Food allergies? Avoid the knitted hats and scarves at the company holiday bazaar. They’ve been in contact with nuts:

Looking for Dad? Check the adults-only aisle at the home improvement store:

My first memory of misspelling is from spelling class in the fifth grade. I misspelled “stripped.” I had left off the second P and spelled “striped” instead.
I’ll never do THAT again.
The substitute teacher on that day read me the riot act. How could I, she wondered, have possibly confused “stripped” and “striped,” knowing that Jesus had been two-p stripped of his garments just before his crucifixion? It was a Catholic school, the Tenth Station of the Cross, and I was an altar boy for Christ’s sake, for Christ’s sake.
She might have also been the one who told us fifth graders that we wouldn’t go to Hell if we died wearing a devotional scapular. We never got practical tips like that on how to avert eternal damnation from our usual teachers. Or from the nuns. Or the priests. They never threw themselves into their teaching like the substitutes. Probably because they didn’t have to.

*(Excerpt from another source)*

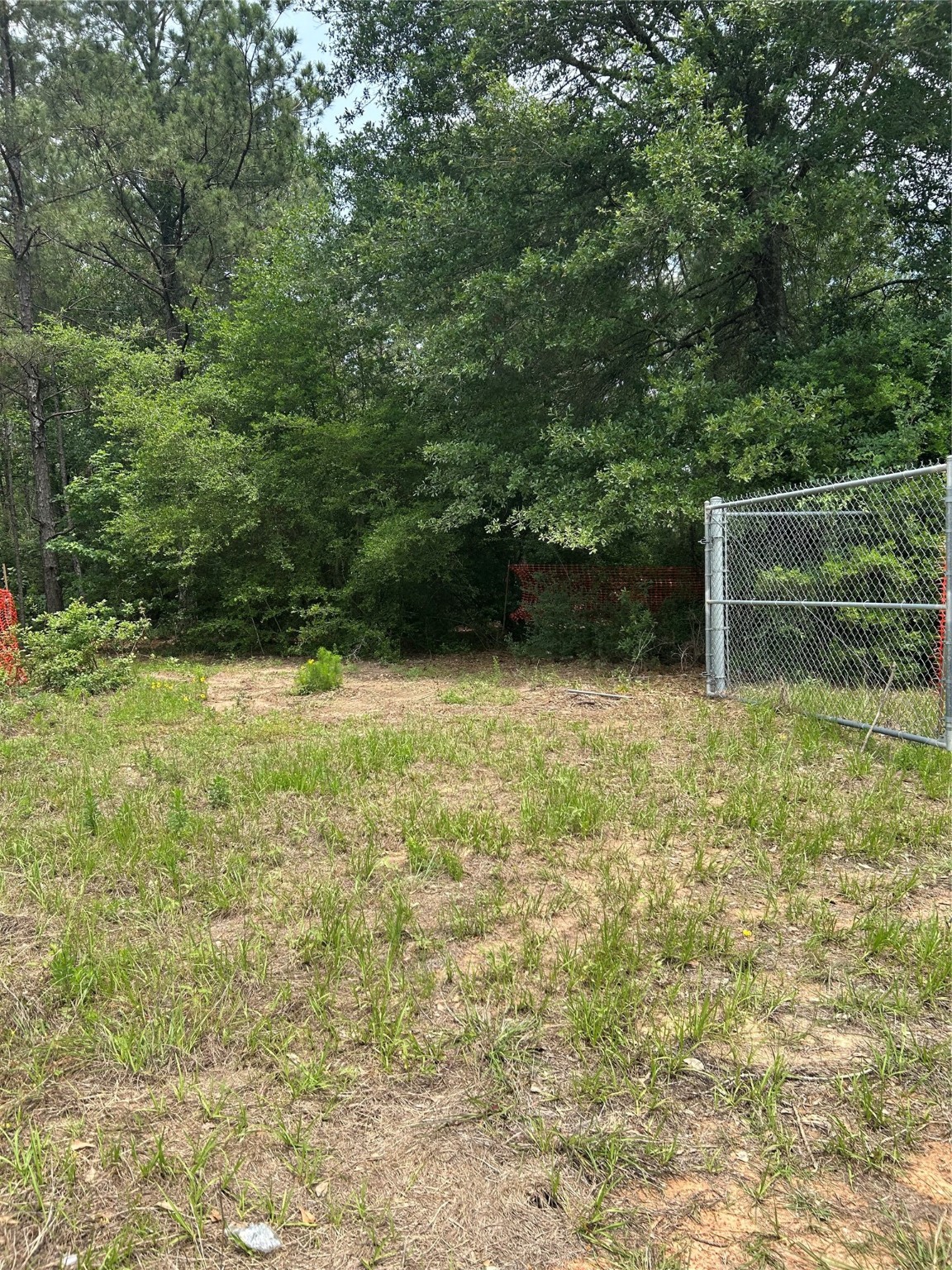 3300 South Loop 336 East Conroe, TX 77301 - Photo 3 of 3 a view of outdoor space with deck and yard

About Saint-Véran, the delightful, unoaked AOC white wine from southern Burgundy: The real village of Saint-Véran is high up in the French Alps, on the border with Italy. It is nowhere near the vineyards southwest of Mâcon where they grow the Chardonnay grapes to make the wine.
In non-technical wine geographical terms, Saint-Véran is the bread in the Pouilly-Fuissé sandwich. The SV vineyards border the PF ones on the north and the south.
The town near the vineyards is Saint-Vérand. Apparently, the scribe who inscribed the wine on France’s AOC list of wine heritage in the early 1970s had inadvertently left off the final letter D, transforming Saint-Vérand into Saint-Véran. Some say that the misspelling was intentional and that Saint-Véran was the village’s ancient name, but that explanation doesn’t square with the Institut national de l’origine et de la qualité‘s strict AOC nomenclature.
In either case, the misspelling is a memorable talking point, especially for the growers and knowers saddled with the task of distinguishing Saint-Véran from the more than 25 AOC-certified white wines, mostly chardonnays, produced in Burgundy.
I don’t know how to end this one, so I’ll conclude by saying that the Drouhin Saint-Véran is available at Spirits of Mount Vernon in Baltimore. Don’t worry about the screwtop. CLINK!